Abraham Skorka
La Bible parle du deuil pour la mort d’une personne chère en utilisant le terme avelout, ou deuil. Dans Genèse 50, 10-11 est décrit l’avelout des fils de Jacob pour la mort de leur père. Deutéronome 34, 8 observe que les Benei Israel (Fils d’Israël) pleurèrent pendant trente jours la mort de Moïse. Leurs pleurs exprimait leur avelout pour le guide et le maître qui les avait laissés.
Avelout est la manifestation du deuil pour la perte d’une personne, ainsi que l’élaboration psychologique et spirituelle de l’absence physique d’une personne qui était parmi nous, mais dont l’âme est maintenant retournée auprès de Dieu. C’est le processus à travers lequel le défunt est inscrit dans la mémoire de ceux qui poursuivent le chemin de la vie. Dans des circonstances particulières ou à des moments précis, les souvenirs du défunt deviennent une vision plus complète de toute leur vie.
L’adieu que le monde entier a adressé au Pape François a été un témoignage éloquent du respect qu’il avait conquis par son humilité et son honnêteté.

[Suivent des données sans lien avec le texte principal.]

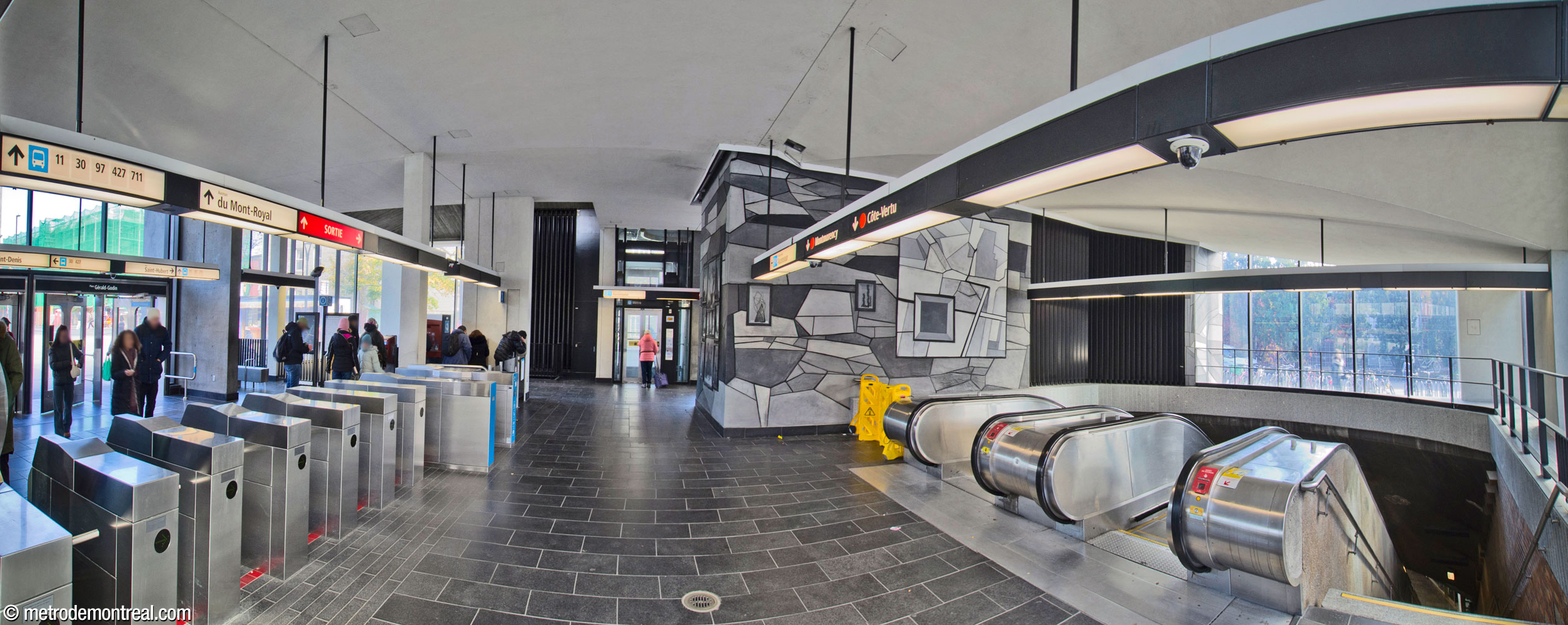 The interior of the headhouse, looking eastward from within the fare-paid zone near the ticket booth. The main gateline is at left; at centre in the background is the elevator to the platforms. The original stairs and escalators are at right, with Simon Bilodeau's mural Je reviens chez nous above them.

Même si certains pouvaient ne pas être d’accord avec certaines de ses opinions et positions, tous savaient qu’il était un leader qui recherchait inlassablement la paix et la justice et qui se consacrait totalement à l’aide aux personnes dans le besoin dans toutes les communautés.
L’image des présidents Trump et Zelensky engagés dans un dialogue ouvert dans la basilique Saint-Pierre après avoir rendu hommage au corps sans vie de François est profondément émouvante. Elle peut être considérée comme la puissante réalisation de l’engagement de sa vie en faveur du principe «dialogue, dialogue, dialogue». A ce moment-là, les deux dirigeants étaient inspirés par l’héritage général de Jorge Mario Bergoglio. A leur manière, ils accomplissaient leur avelout. Au-delà des divergences avec certains responsables juifs au sujet de la guerre qui a commencé le 7 octobre 2023, aujourd’hui, en regardant le cadre général de la vie de Jorge Mario Bergoglio, nous nous souvenons également de ses réflexions sur la relation spéciale entre le christianisme et le judaïsme, résumées dans un chapitre particulier de son Exhortation apostolique Evangelii gaudium (nn. 247-249). Son profond engagement personnel pour combattre l’antisémitisme et son rêve de paix entre Israël et ses voisins feront toujours partie de son héritage.
Son dernier livre, Espère. Une autobiographie est une réflexion autobiographique qui suggère que François savait que l’heure de son départ approchait. En parlant de notre amitié personnelle, il a expliqué précisément quelle était la certitude qui nous unissait: la conviction qu’honorer Dieu signifie honorer l’humanité. Pendant plus de deux décennies, nous avons été très proches, cherchant — à travers nos traditions spirituelles respectives — des moyens d’honorer les personnes qui nous entourent. J’ai fait partie de la délégation vaticane à l’occasion de son pèlerinage en Terre Sainte et il m’a demandé d’être à ses côtés lorsqu’il a visité -Auschwitz-Birkenau. L’histoire et le sentiment juifs lui ont toujours été chers. Il en reconnaissait l’importance, et notre amitié et notre travail ensemble étaient imprégnés de cette préoccupation.
Le livre des Proverbes 10, 7 affirme que le souvenir des justes est une bénédiction. Leur mémoire nous inspire et nous interpelle, nous incitant à nous engager pour leurs valeurs, et c’est précisément là que réside la bénédiction. Dans Proverbes 20, 27 nous lisons: «La lampe de Yahvé, c’est l’esprit de l’homme qui pénètre jusqu’au tréfonds de son être». Jorge Mario Bergoglio a consacré sa vie à Dieu et a promu les valeurs bibliques parmi les membres de sa congrégation. Il a été une lampe qui a maintenu allumée la flamme de la spiritualité et de la sainteté, en illuminant un chemin qui ne cesse jamais.